Feedback dalla conference call
I costi industriali sono neutrali nel 2H (rispetto al vento contrario previsto e la nostra stima di € -1,6 miliardi) per un impatto positivo del ~6%. La principale sorpresa dalla chiamata è l'indicazione che i costi industriali netti (il secchio dove vengono registrati inflazione, efficienze, sinergie, garanzia e costi di conformità) saranno neutri nel 2H rispetto a una precedente indicazione di un vento contrario e la nostra stima di € -1,6 miliardi, guidando un impatto positivo del 6%;
Sciopero UAW: €0.75 miliardi o ~3% di impatto sulle stime FY23
Lo sciopero presso gli stabilimenti di Sterling Heights e Toledo North ha avuto un impatto negativo combinato di ~50k unità, €3 miliardi di ricavi e €0.75 miliardi di pre-tasse o ~3% a livello di gruppo;
Rinnovo del contratto UAW: impatto simile a Ford dovrebbe tradursi in ~5% di impatto
Poiché la ratifica del nuovo contratto è ancora in sospeso, STLAM ha detto che l'entità dell'inflazione dei costi del lavoro legata al nuovo contratto UAW è paragonabile a Ford, che ha indicato $850-900 per veicolo o un impatto di 0.6/0.7ppt sui margini. Con ~1.4 milioni di veicoli prodotti negli Stati Uniti, stimiamo un ~5% o 0.6ppt di impatto su EBIT e EBIT margins;
Contesto di mercato che diventa più difficile
Nonostante le previsioni di fine 2023 siano migliorate dal +6% all' +8% sulla base di migliori vendite nei 9M in Europa e Nord America, la direzione ha detto che l'ambiente di mercato stava diventando più severo.
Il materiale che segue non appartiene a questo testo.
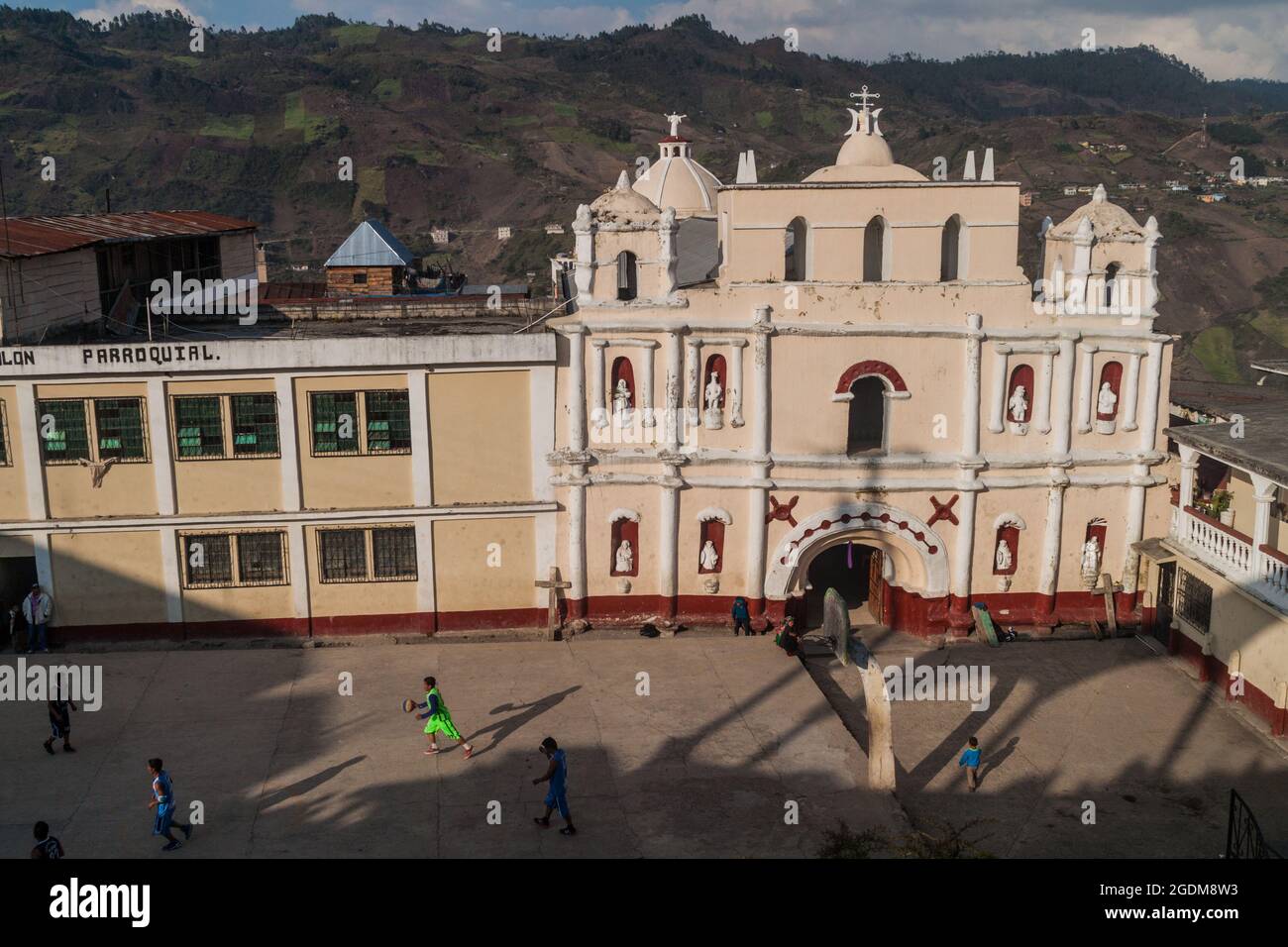 SAN MATEO IXTATAN, GUATEMALA, MARCH 18, 2016: View of a basketball field and a church in San Mateo Ixtatan village. Stock Photo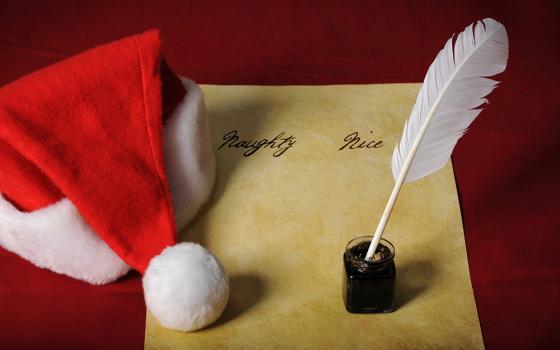 Naughty and nice list with a santa hat and an inkwell with quill (Dreamstime/R. Gino Santa Maria/Shutterfree, Llc)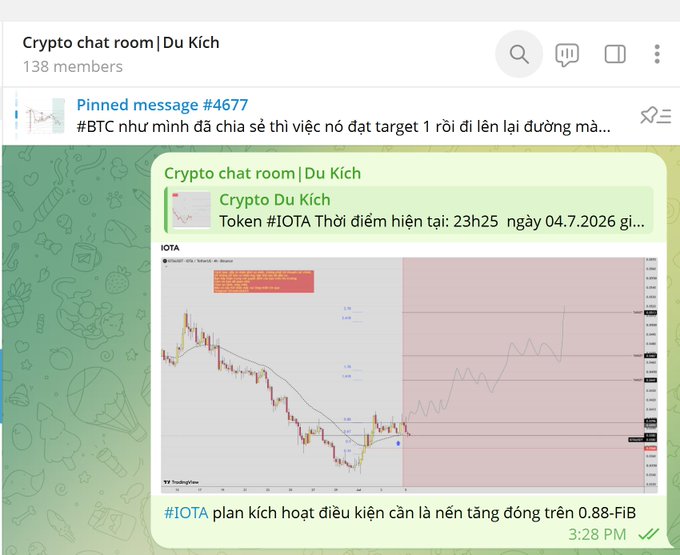 A screenshot of a Telegram crypto chat room called "Crypto chat room | Du Kich" showing a pinned message (#4677) discussing BTC targets, and a current message from "Crypto Du Kich" featuring an IOTA price chart dated 04.7.2026 with the caption "#IOTA plan kích hoạt điều kiện cần là nền tảng đóng trên 0.88-FIB," indicating that IOTA needs to close above the 0.88 Fibonacci level to activate the posted trading plan.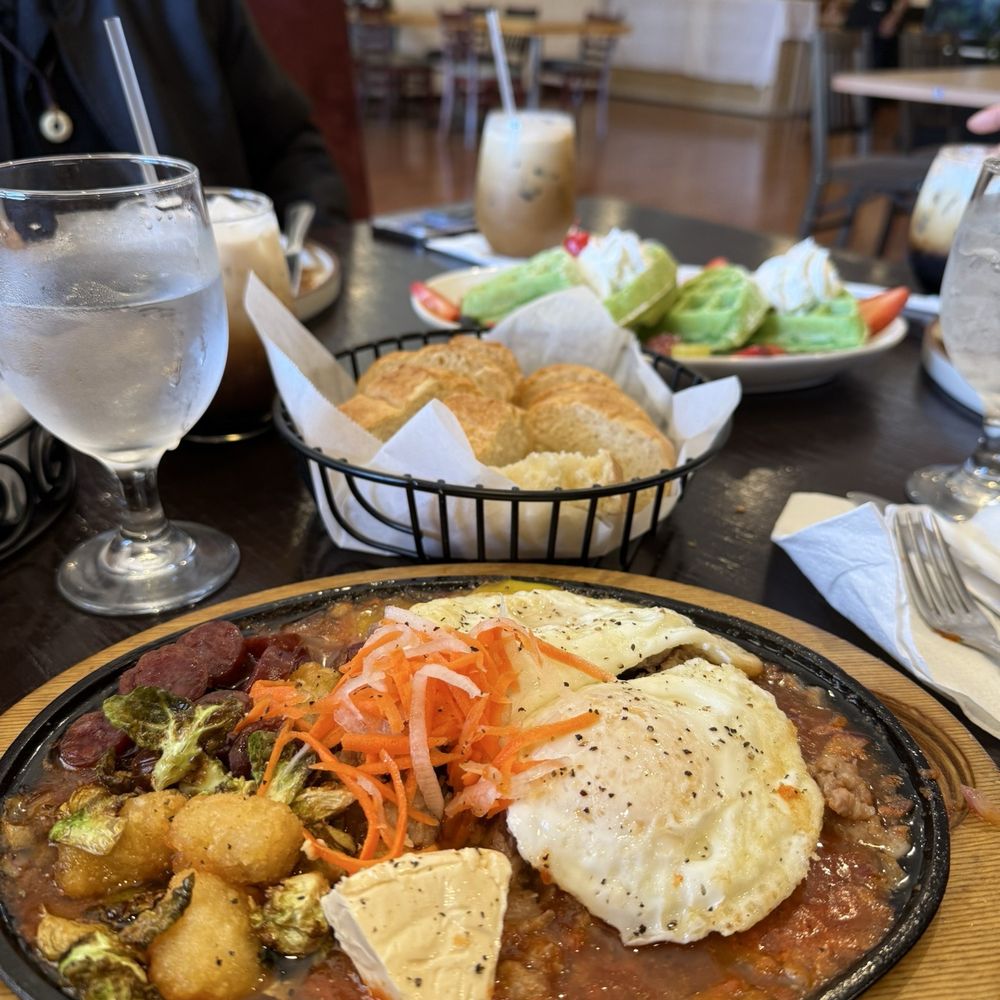 Evergreen Breakfast - Banh mi skillet and pandan waffles in the back. Couldn't resist taking a bite first, oops - Breakfast & Brunch Near Me - San Jose, California Evergreen Breakfast - Banh mi skillet and pandan waffles in the back. Couldn't resist taking a bite first, oops - Breakfast & Brunch Near Me - San Jose, California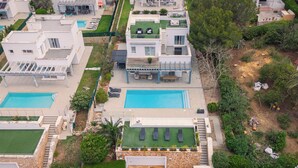 A modern residential complex with multiple swimming pools, outdoor seating areas, and well-maintained gardens. - V196| Villa Brisas - Four Bedroom Villa, Sleeps 8 (Torre Soli Nou)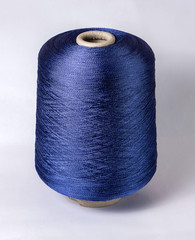 bobbin of yarn on a white background. Side view.Textile reel on isolated white background.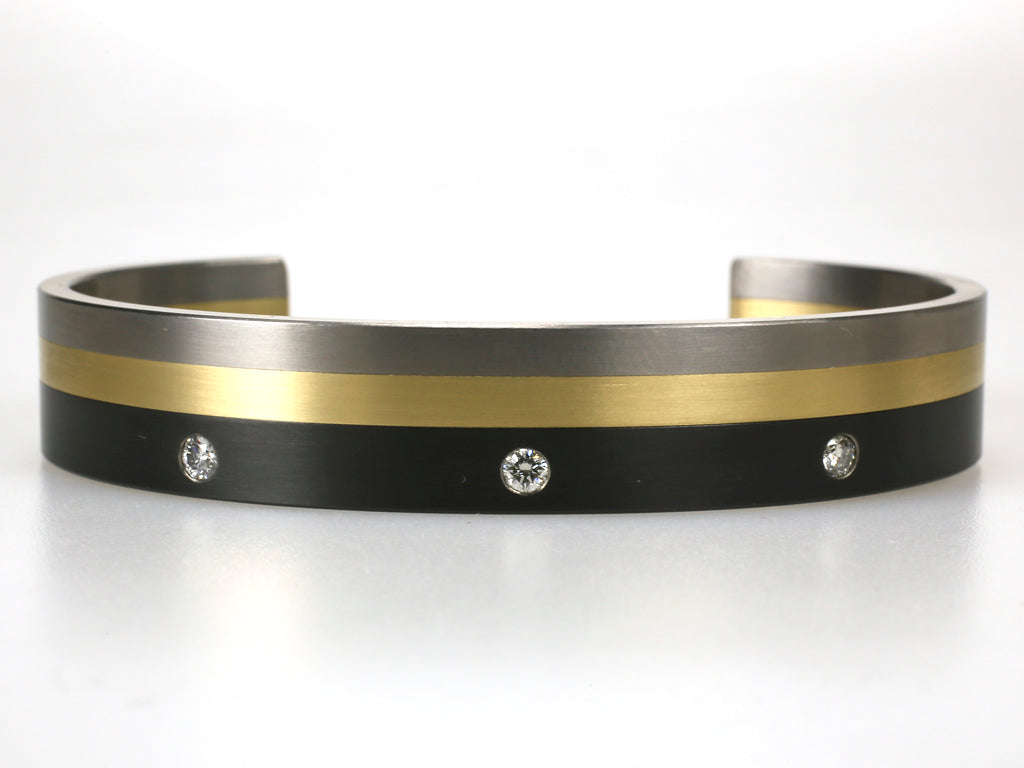 Titanium armband met zwart en geelgoud, voorzien van drie diamanten in zwarte titaniumlaag, strak en modern ontwerp.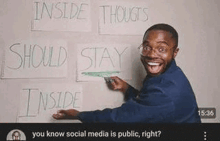 a man is writing on a whiteboard with a marker and smiling .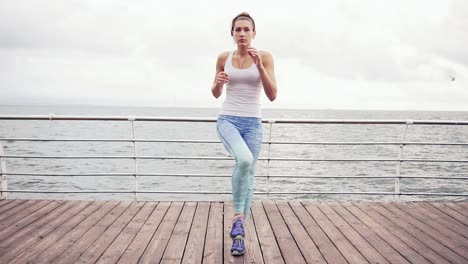 Runner-woman-stretching-legs-with-lunge-hamstring-stretch-exercise-leg-stretches.-Fitness-female-athlete-relaxing-on-beach-doing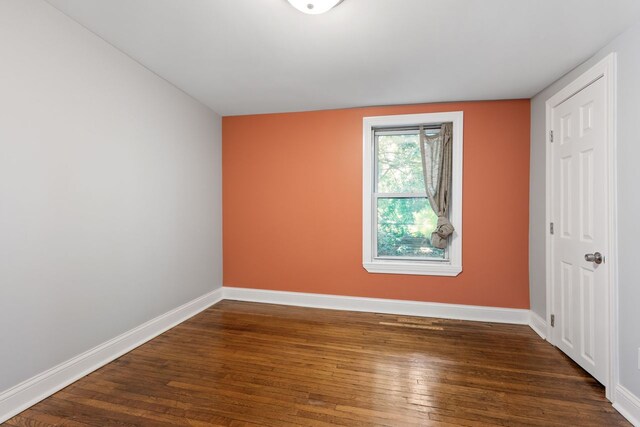 spare room featuring dark wood-type flooring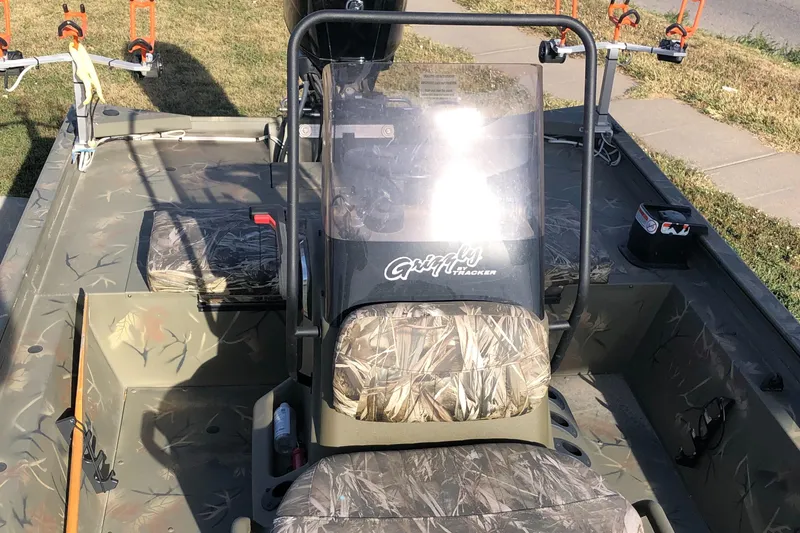 Slide: The Image of 2022 Tracker Grizzly 1860 CC boat with camouflage seats and console, parked outdoors. - 12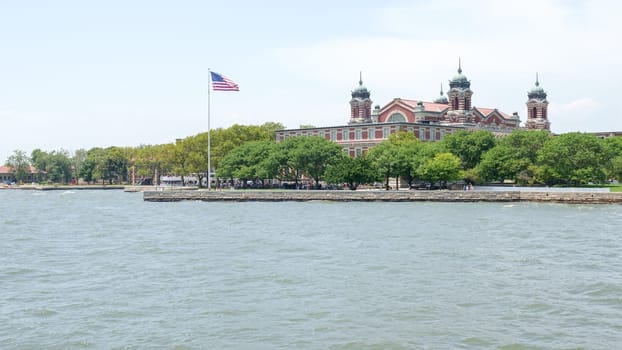 Immigration Museum on Liberty Island with American Flag and New York City Skyline New York NY USA 2023-07-30.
I segnali sono: i) il prezzo è rimasto, ma a spese della quota di mercato (YTD -0.9pp su base globale con NA e EU -1.4/- 1.7pp); ii) il libro degli ordini è diminuito a ~3 mesi rispetto a 4 alla fine del 2Q mentre le scorte sono aumentate a 1.4 milioni di unità o 82 giorni di vendite (rispetto a 68/77/75 nel 4Q22/1Q/2Q).
Aggiornamento delle stime
Apportiamo piccoli aggiustamenti alle nostre previsioni (+vol, - mix, =prezzo, +costi ind., -sciopero UAW) che risultano in una sostanziale conferma delle stime.
NEUTRAL e TP confermati
STLAM è sulla buona strada per consegnare un forte FY23 sulla base di volumi migliori, ma soprattutto su un impatto molto minore dell'inflazione netta delle efficienze, mentre il prezzo non si è eroso come avevamo previsto e il mix è diminuito solo leggermente nonostante la normalizzazione della produzione. Sebbene il prezzo e la pressione inflazionistica non si materializzeranno come previsto nel FY23, crediamo che possano farlo in futuro mentre gli OEM svuotano il backlog esistente e affrontano l'ingresso di ordini in diminuzione, scorte più alte e prezzi delle auto usate in calo in un ambiente macroeconomico più debole. Riconosciamo che il titolo continua a scambiare a una valutazione non impegnativa (~3.0x PE FY23), anche su basse aspettative a breve termine, ma con questi rischi nell'aria e la transizione verso i veicoli elettrici sullo sfondo non vediamo motivi per una rivalutazione. TP e rating confermati.